Gastvortrag: Guido Messling über das Paradies in der Malerei.
18. November 2025
16:15 - 18:00 Uhr
KU Linz: Hörsaal 1
Paradise – as a mythical-religious point of origin, an idealized living space, and an eternal object of longing – has long shaped conceptions of ideal space and the good life. Whether religiously motivated or secularly imagined, the idea of a better world finds expression in imagery and architectural visions that go far beyond purely functional or aesthetic concerns.
This lecture series “(Re)Constructing Paradise: Religious and Transcultural Perspectives on Ideal Spaces" focuses on spatial designs that understand architecture as an expression of social, religious, and political orders – as imagined worlds that create community, represent power, and materialize transcendent ideas of a better world.
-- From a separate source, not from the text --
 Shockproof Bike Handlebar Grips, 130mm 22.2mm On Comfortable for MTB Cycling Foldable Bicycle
Attendance is free - no registration required! / Eintritt frei - eine Anmeldung ist nicht erforderlich!
Trees, Bushes, and Evil. Gardens of Paradise in Early Modern Painting
Guido Messling (Wien)

The biblical Garden of Eden as the site of the Fall of Man is certainly the best-known image of paradise in early modern European painting. However, depictions of gardens as symbols of lost or longed-for ideal states can also be found in other thematic contexts.
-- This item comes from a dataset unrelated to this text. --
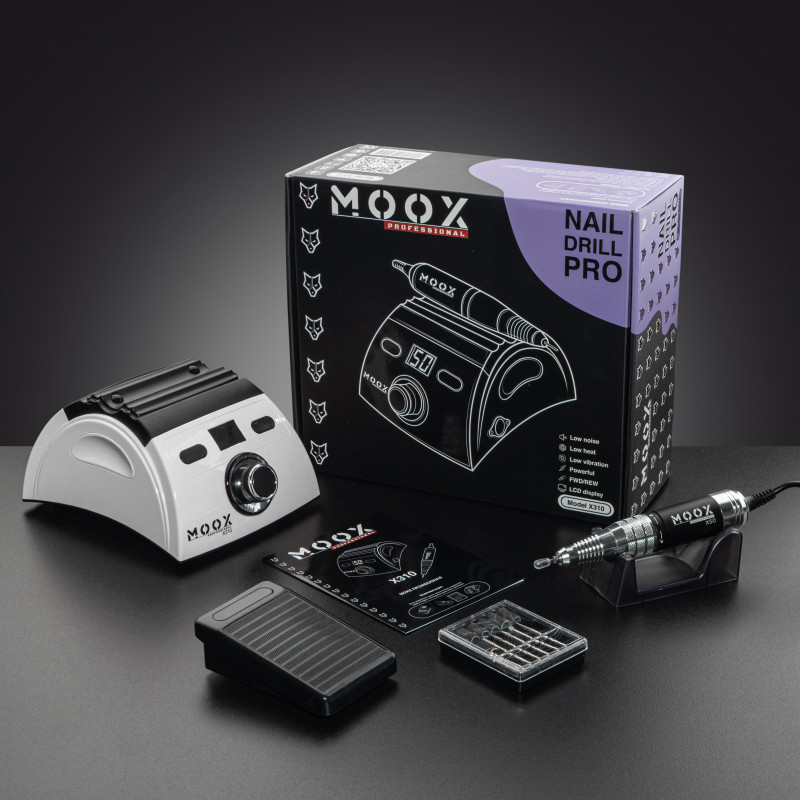 Фрезер Moox Professional X310 на 50 000 об/хв. та 70W. для манікюру та педикюру (Білий), фото 1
The lecture explores these various, sometimes closely related pictorial traditions and explains how evil also repeatedly appears as a counter-image or condition of paradise.
About the Speaker
Dr Guido Messling (born 1967) is the Curator of German Painting at the Kunsthistorisches Museum, Vienna. He received his PhD from the Freie Universität Berlin in 2002. From 2001 to 2005 he worked at the Staatsgalerie Stuttgart. Over the past decade he has mainly published on German Art of the 15th and 16th century and has curated and co-curated exhibitions on Lucas Cranach (Brussels/Paris 2010/11 and Tokyo/Osaka 2016/17), on expressionistic tendencies around 1500 (Frankfurt/Vienna 2014/15) and on the Ottoman Orient in Renaissance art (Brussels/Krakow 2015). He has also held teaching positions at the universities of Passau and Vienna.